# Approximate q-learning

In this notebook you will teach a lasagne neural network to do Q-learning.

__Frameworks__ - we'll accept this homework in any deep learning framework. For example, it translates to TensorFlow almost line-to-line. However, we recommend you to stick to theano/lasagne unless you're certain about your skills in the framework of your choice.

In [1]:
import torch
import torch.nn as nn
import torch.nn.functional as F
import torch.optim as optim
from torch.autograd import Variable

In [2]:
import gym
import numpy as np, pandas as pd
import matplotlib.pyplot as plt
%matplotlib inline

In [4]:
from pycrayon import CrayonClient
client = CrayonClient(hostname='localhost')
crayon = client.create_experiment('pytorch-3')

In [5]:
env = gym.make("CartPole-v0").env
env.reset()
n_actions = env.action_space.n
state_dim = env.observation_space.shape

#plt.imshow(env.render("rgb_array"))

[2017-04-21 16:49:07,142] Making new env: CartPole-v0


In [6]:
CUDA = True
batch_size = 4
L1_size = 50

gamma = 0.99

In [7]:
print("n_actions={}, state_dim={}".format(n_actions, state_dim))

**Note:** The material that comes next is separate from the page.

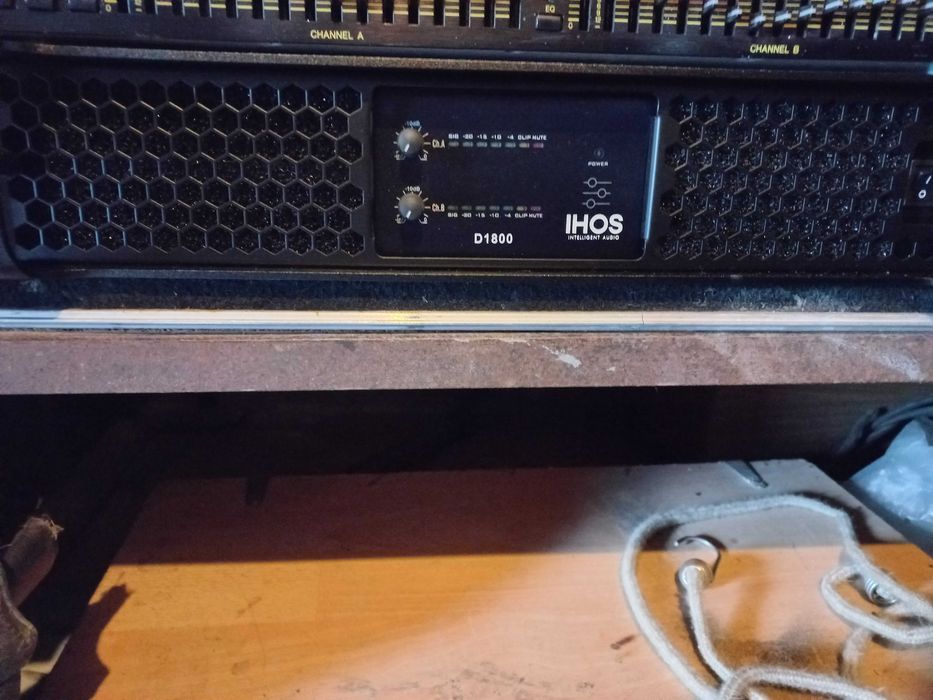amplificador-  ihos 1800w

n_actions=2, state_dim=(4,)


# Approximate (deep) Q-learning: building the network

In this section we will build and train naive Q-learning with theano/lasagne

First step is initializing input variables

In [8]:
class Net(nn.Module):
    def __init__(self):
        super(Net, self).__init__()
        self.fc_1 = nn.Linear(int(np.prod(state_dim)), L1_size)
        self.fc_out = nn.Linear(L1_size, n_actions)
        
    def forward(self, x):
        x = F.relu(self.fc_1(x))
        x = self.fc_out(x)
        return x

In [9]:
model = Net()
if CUDA:
    model.cuda()
print(model)

Net (
  (fc_1): Linear (4 -> 50)
  (fc_out): Linear (50 -> 2)
)


In [10]:
def states_to_var(s):
    return Variable(torch.from_numpy(np.array(s, dtype=np.float32)), volatile=False)

In [11]:
optimizer = optim.Adam(model.parameters(), lr=0.0005)

### Playing the game

In [12]:
def choose_action(q_values, epsilon):
    if np.random.rand() < epsilon:
        return torch.LongTensor([np.random.choice(n_actions)])
    else:
        return q_values.max(dim=1)[1].data[0]

In [17]:
epsilon = 0.25 #initial epsilon

def generate_session(t_max=1000):
    """play env with approximate q-learning agent and train it at the same time"""
    
    total_reward = 0
    s = env.reset()
    losses = []
    q_values = []
    
    for t in range(t_max):  
        in_state = states_to_var([s])
        if CUDA:
            in_state = in_state.cuda()
        q = model(in_state)
        a = choose_action(q, epsilon).cpu()[0]
        new_s,r,done,info = env.step(a)
        
        optimizer.zero_grad()
        
        in_state = states_to_var([new_s])
        if CUDA:
            in_state = in_state.cuda()
        new_q = model(in_state).detach()
        chosen_q = q[:, a]
        if done:
            valid_q = r
        else:
            valid_q = r + gamma * new_q.max(dim=1)[0]        
        loss = (valid_q - chosen_q)**2
        
        loss.backward()
        optimizer.step()
        losses.append(loss.data.cpu().numpy()[0])
        q_values.append(q.mean().data.cpu()[0])
        
        total_reward+=r
        
        s = new_s
        if done: break
       
    crayon.add_scalar_value("q_mean", float(np.mean(q_values)))
    crayon.add_scalar_value("reward", total_reward)
    crayon.add_scalar_value("loss", float(np.mean(losses)))
            
    return total_reward
        

In [18]:
for i in range(100):
    
    rewards = [generate_session() for _ in range(100)] #generate new sessions
    
    epsilon*=0.95
    
    print ("%d: mean reward:%.3f\tepsilon:%.5f"%(i, np.mean(rewards),epsilon))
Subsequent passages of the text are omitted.